先日、京都にある天智天皇陵(山科陵)を訪問した際、興味深いモニュメントを見つけました。こちらです。

この写真のモニュメントは天智天皇の陵墓の入口に設置されていたものです。解説板などが周囲にないものの、石碑の中央部は鉄の棒と6から18までの数字、そして、下部には小さく「日時計」書かれており、このモニュメントが日時計であることが分かります。

ただ、残念なことは日時計の設置されている場所が晴天時にもかかわらず背後の建物や植栽の影になってしまっており、時計としての機能が果たされていないという点です。以前は違う場所にあったのかも分からず、少し管理が適当な印象です。

しかし、天智天皇の眠る陵墓に日時計が設置されていることについては歴史的な意味や由来があります。

今回は天智天皇と時計にまつわる場所を紹介していきます。

660年、日本最古の時計が作られる

日本で最古の時計は660年に天智天皇が作った水時計でした。水時計はサイフォンの原理を利用して階段状に設置した水槽に一定間隔で一定の水量を滴り落とさせる構造です。

尚、水時計の仕組み自体は遣唐使により伝わったもので、天智天皇が発明したものではありません。

続いて、こちらの写真をご覧ください。

この写真は奈良県明日香村の飛鳥水落遺跡です。名前の通り、この場所が日本で初めて時計が作られた場所です。

水時計の遺跡とは言っても、その残された遺構は24本の柱で支えられた屋根付きの倉庫のようなイメージです。

こちらは遺構の中央部にある木樋(木でつくられた水道管)跡です。この跡により、この遺構が水の流れる仕組みを建物内に含んだ施設であることが推測されます。

また、この場所は近くに飛鳥寺のすぐ近くにあります。天智天皇(中大兄皇子)が中臣鎌足と出会った場所もこのあたりです。

乙巳の変についてはこちらに以前紹介しています。

天智天皇を祀る近江神宮へ行く

続いて天智天皇を主祭神とする滋賀県大津市の近江神宮を紹介します。神社の創建は1940年ということで非常に新しい神社です。天智天皇が奈良の飛鳥から滋賀県の大津へ遷都したことからこの場所に神社が建てられました。

ただ、近江神宮の特徴は門や本殿ではなく境内にある時計関連施設です。

こちらの時計館宝物館では国内外の様々な仕組みの時計が展示されています。

その他、日時計設置してあります。こちらです。

こちらの日時計は天智天皇稜の日時計とは違い、正確な時間を刻むはずなのですが、訪問時は曇っており日時計が機能していませんでした。

もちろん、水時計もあります。こちらです。

三層に分かれた升から漏れる水の量により、中央部に設置してある矢が浮き上がります。その矢に付けた目盛りにより時間を知ることができます。

こちらの水時計はオメガ社より寄贈されました。

天智天皇が水時計を作った目的

607年、聖徳太子は「日出ずる処の天子、書を日没する処の天子に致す、恙無きや」という、日本と隋との間で外交上の対等な立場を主張した国書を送り、それに対して煬帝が激怒したというエピソードがあります。

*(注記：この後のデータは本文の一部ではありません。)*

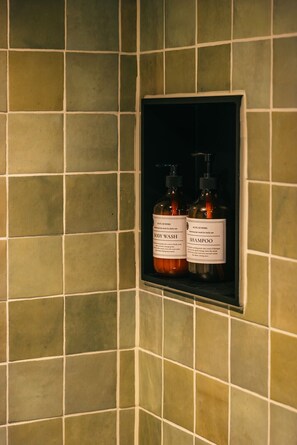 A tiled wall with a small shelf containing two bottles labeled 'BODY WASH' and 'SHAMPOO'. - Boot and Shoe (Flintham)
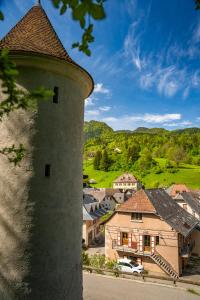 a view of a town from a tower at Le Passage - Gîte 2 à 15 personnes Chartreuse terrasse, calme & nature in Saint-Pierre-dʼEntremont
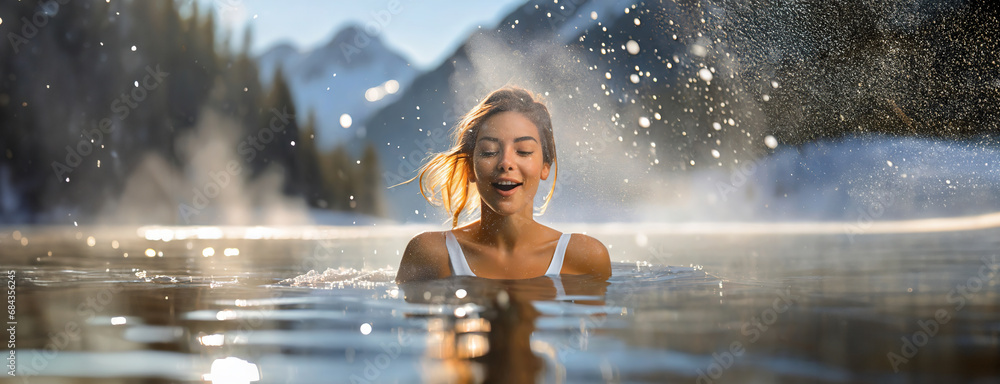 Young woman hardening the body, cold water therapy. Girl in bikini plunges into icy water in frozen lake ice hole. Boost the immune system and improve mental health. - obrazy, fototapety, plakaty 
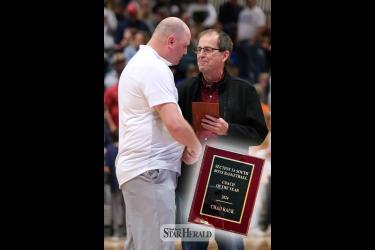 Loren Carlson from the Sub Region 10 Coaches Association, right, presents H-BC boys’ basketball head coach Chad Rauk with the 2024 Section 3A South Coach of the Year plaque after the Section 3 - South Subsection Championship game against Russell-Tyler-Ruthton on March 9 in Marshall.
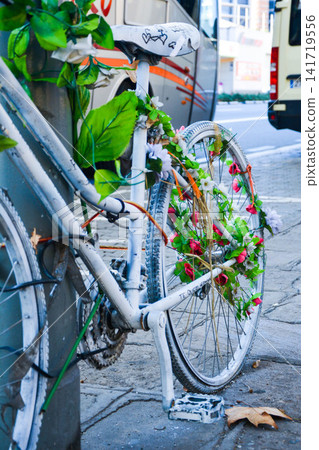 White bicycle adorned with green leaves and pink flowers parked against a pole on a city street, with blurred vehicles in the background White bicycle adorned with green leaves and pink flowers parked against a pole on a city street, with blurred vehicles in the background 141719556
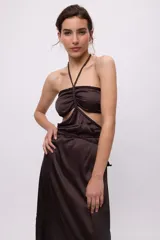 Vestido largo marrón de satén con escote halter, trenzas ajustables en cuello y cintura, lazos en el busto y aberturas en la cintura.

645年、天智天皇は日本独自の元号「大化」を制定します。私は日本独自の元号の制定は聖徳太子の国書と同じ意味があると思います。つまり、「日本でもオリジナルの元号をつくりました」という唐への主張があったと思うのです。

ところが、例によって唐は納得しません。そもそも中国から見れば日本の存在はあくまで冊封体制下における親分子分の関係という認識にしか過ぎません。ですから唐の立場からすると、「まともな時刻制度がない、時計すらないのに子分が勝手に元号を制定するなよ」という感じだったと思います。

そして、645年から15年後にようやく完成したのが日本製水時計だったのです。つまり、天智天皇が水時計を作った狙いは「日本独自の元号の確立」と「唐に対する外交上の独立」だったと思うのです。

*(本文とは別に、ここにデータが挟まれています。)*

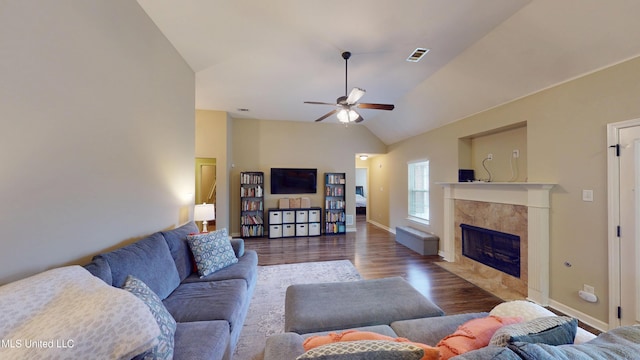 living room featuring dark wood-type flooring, a tile fireplace, ceiling fan, and vaulted ceiling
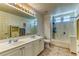 Bright bathroom with double sink vanity, tiled floors, and shower with tub at 9692 Waukegan Ave, Las Vegas, NV 89148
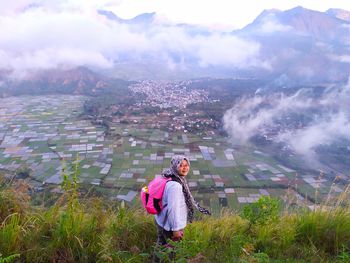 Woman standing by mountain against sky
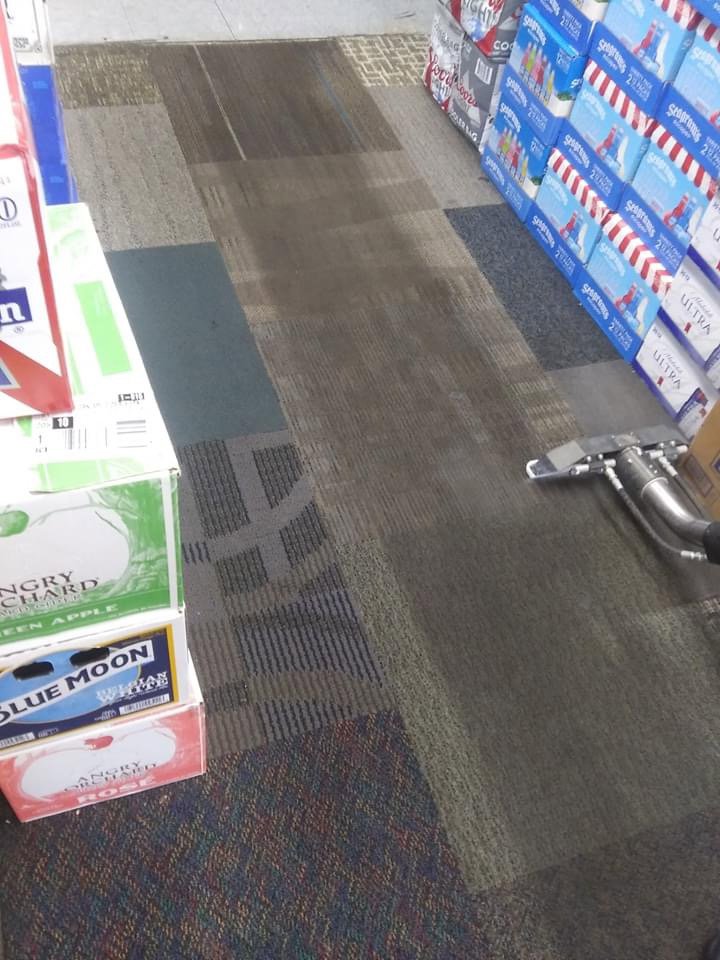 A patterned commercial carpet being cleaned, showing a clean strip next to a dirty section by Bee Clean Carpet Steam Cleaning in Dover, DE.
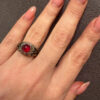 Vintage early 20th-century nickel ring, size L, with a red stone.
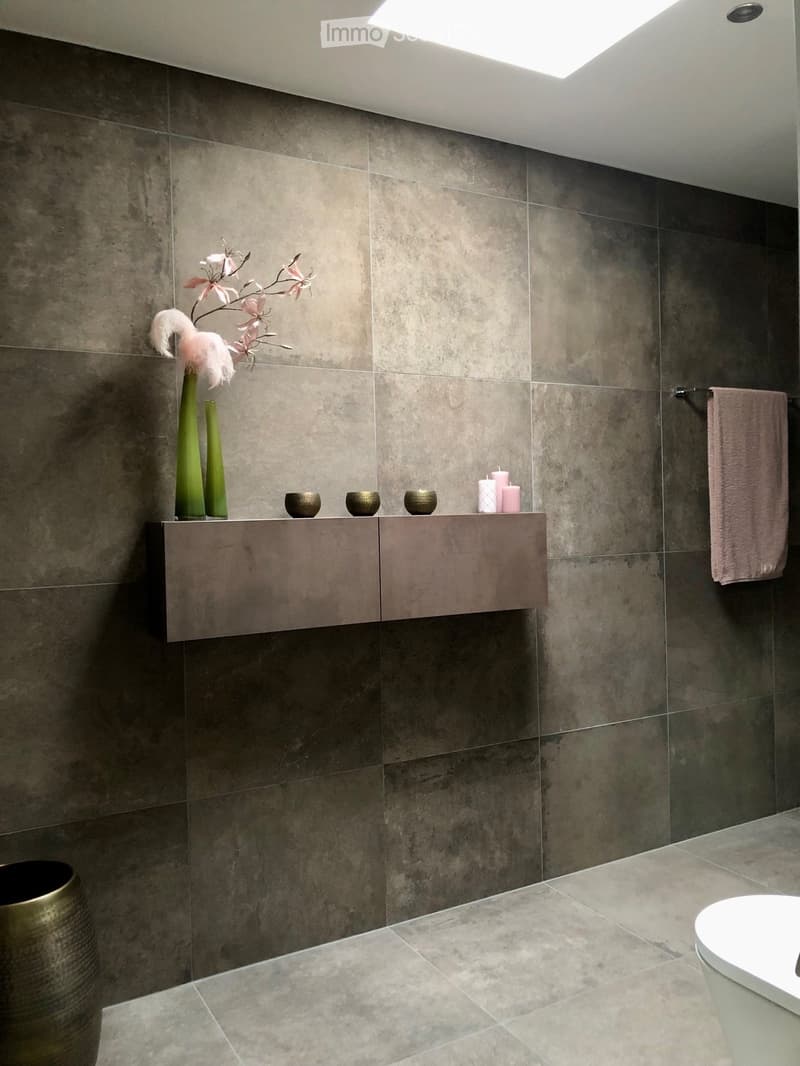 The image shows a modern bathroom with gray tile walls and floors. There is a floating vanity with drawers and decorative items such as vases and a floral arrangement. A pink towel is visible on the side. The room has recessed lighting and appears to be w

ただ、天智天皇はそれらの野望を達成できませんでした。せっかく水時計を作ったけれども天智天皇が天皇在位中は唐からの反発を考慮したのか分かりませんが、元号の使用が中断します。そして、663年に百済と共に戦った白村江の戦では唐・新羅の連合軍に惨敗してしまいます。

しかし、その後、唐との交流は669年には再開され、外交上は対等ではなくても軍事的に支配されることはありませんでした。そして、元号も701年の「大宝」以降は1320年経過した現在の「令和」まで途切れることなく続いています。